SB 151 Stephenson's "anti-voucher" voucher bill. Quick education funding points to consider while listening to committee.

UPDATE: Stephenson canceled the committee meeting this morning because he wanted to work on changes to the bill. He still threw out his claim this bill is not a voucher. See my budget explanation below to see what you think. Also stay tuned for when the bill comes back up for a committee hearing in the next week or so. Will it be scheduled on a Monday morning at 8:00 to make it harder for the public to attend?

SB 151, Student Opportunity Scholarships, by Howard Stephenson, will be debated in the Senate Education Committee today, Tuesday, Feb. 4,at 4:00 pm. Click on the legislature's website, scroll down to the Upcoming Events section, and you should be able to click on the Live Now option at 4:00 to listen live to the committee hearing. (The committees often start a few minutes late--keep refreshing the page if it's not up right at 4:00. If you can't find it, post a cry for help on Twitter with the hashtag #uted, and the State School Board's account, @UTPublicEd will usually reply with a direct link. I expect both the live committee room and the online following will be packed, so I have some worries about something going wrong with the feed, but the front page links have been working for me after a bad first week of the new website.)

This is a new voucher bill "limited" to only some students. A lot of well-off families can get a $5500 school voucher if their kid scored below proficient on even one of four state tests, if their school has gotten an F grade for two years under Utah's new law (I had some info wrong about this provision in some tweets Saturday), or if a young student is behind in reading at all.

Some quick (for me) and important points to think about:

1. All voucher proposals are framed disingenuously by misrepresenting school funding. OK, this point ended up not quick. But it's the most important. I'll be posting further on this. I think many people could benefit from this hopefully easy-to-understand explanation of school funding. Consider forwarding this to others and asking questions about this to your legislators or in committee meetings.

Here is a very long and chewy document detailing the education funding for the state of Utah for last school year and the current school year. I'll refer to some specific pages shortly.

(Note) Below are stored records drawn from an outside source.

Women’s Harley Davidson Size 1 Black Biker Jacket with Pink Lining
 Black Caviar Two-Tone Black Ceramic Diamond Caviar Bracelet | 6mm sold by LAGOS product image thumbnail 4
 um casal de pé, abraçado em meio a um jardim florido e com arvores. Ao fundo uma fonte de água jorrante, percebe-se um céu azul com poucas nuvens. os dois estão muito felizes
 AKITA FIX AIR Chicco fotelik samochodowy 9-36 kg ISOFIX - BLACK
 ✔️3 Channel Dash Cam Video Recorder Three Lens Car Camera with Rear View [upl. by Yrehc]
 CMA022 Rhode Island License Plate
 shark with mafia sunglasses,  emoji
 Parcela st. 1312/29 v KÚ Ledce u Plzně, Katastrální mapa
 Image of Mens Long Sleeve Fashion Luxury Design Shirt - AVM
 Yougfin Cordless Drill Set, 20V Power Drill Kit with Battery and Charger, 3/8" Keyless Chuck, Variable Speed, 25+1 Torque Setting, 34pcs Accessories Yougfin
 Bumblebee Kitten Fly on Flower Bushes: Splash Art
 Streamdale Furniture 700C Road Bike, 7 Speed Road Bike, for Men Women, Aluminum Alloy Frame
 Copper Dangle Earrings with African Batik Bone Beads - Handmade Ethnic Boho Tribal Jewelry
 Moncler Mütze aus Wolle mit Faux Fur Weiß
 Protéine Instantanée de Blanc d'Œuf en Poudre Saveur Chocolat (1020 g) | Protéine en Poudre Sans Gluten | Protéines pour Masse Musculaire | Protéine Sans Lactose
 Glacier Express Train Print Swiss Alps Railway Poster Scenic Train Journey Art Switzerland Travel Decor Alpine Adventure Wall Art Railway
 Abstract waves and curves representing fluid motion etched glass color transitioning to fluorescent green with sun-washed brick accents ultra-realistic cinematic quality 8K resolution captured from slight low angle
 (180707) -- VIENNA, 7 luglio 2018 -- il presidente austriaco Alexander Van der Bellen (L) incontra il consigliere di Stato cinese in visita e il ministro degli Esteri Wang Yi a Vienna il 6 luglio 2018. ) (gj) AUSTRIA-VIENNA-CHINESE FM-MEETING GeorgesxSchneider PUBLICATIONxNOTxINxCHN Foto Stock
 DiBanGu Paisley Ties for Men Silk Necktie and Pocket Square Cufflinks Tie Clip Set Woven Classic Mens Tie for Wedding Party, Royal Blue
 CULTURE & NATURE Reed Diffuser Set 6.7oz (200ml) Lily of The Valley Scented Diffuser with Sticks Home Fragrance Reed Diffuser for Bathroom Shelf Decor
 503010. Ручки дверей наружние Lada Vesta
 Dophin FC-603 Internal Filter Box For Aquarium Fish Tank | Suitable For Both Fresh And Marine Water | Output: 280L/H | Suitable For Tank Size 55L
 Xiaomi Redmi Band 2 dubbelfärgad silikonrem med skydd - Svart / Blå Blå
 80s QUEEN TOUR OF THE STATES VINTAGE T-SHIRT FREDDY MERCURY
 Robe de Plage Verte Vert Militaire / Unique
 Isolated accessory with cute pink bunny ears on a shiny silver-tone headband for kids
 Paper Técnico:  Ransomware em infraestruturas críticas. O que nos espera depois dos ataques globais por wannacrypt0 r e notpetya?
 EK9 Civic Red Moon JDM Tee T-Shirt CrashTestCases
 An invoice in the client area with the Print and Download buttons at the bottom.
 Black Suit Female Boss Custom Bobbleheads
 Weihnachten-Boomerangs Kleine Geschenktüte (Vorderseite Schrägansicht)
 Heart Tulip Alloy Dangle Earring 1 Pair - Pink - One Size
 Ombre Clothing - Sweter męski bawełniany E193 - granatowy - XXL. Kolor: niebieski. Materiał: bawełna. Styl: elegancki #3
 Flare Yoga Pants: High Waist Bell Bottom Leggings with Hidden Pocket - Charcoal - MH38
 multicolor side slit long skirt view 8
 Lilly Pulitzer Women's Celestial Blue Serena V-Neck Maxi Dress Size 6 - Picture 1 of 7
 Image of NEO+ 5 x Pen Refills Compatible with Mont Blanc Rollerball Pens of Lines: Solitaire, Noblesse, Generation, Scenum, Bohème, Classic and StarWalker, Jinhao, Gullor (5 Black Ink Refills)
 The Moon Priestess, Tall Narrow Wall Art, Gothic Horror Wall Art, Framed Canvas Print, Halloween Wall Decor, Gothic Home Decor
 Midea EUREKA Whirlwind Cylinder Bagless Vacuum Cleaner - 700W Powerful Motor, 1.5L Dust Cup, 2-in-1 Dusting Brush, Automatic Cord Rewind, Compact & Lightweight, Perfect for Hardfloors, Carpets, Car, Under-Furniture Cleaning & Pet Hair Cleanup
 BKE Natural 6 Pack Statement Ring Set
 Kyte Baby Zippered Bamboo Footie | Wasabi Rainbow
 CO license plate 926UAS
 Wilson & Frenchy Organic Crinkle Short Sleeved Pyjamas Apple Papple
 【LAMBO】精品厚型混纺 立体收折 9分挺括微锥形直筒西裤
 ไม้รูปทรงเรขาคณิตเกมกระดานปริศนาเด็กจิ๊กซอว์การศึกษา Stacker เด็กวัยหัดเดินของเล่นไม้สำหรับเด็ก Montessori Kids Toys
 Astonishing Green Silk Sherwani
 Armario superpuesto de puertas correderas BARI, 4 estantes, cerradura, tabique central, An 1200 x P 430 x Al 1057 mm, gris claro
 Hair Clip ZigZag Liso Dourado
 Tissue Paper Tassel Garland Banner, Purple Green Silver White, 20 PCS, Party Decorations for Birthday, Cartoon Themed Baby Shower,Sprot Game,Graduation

The state spends most of our state income tax on K-12 public education. (A very significant portion of income tax funds is also spent on our higher ed. system) The legislature designates a "WPU" or Weighted Pupil Unit amount each year. The districts receive that amount of funding from state income taxes per student, with extra WPU's for special ed. students, administration, extra transportation money for small, rural schools, and some other programs. This is NOT some specific amount of money it takes to educate one child or a "marginal cost" per student coming and going from the school. It is a blunt, fair way to evenly distribute money to the state's districts on a per student basis. These distributed WPU's to each district are called "Above the line" funding and are summarized on page 8 of the document.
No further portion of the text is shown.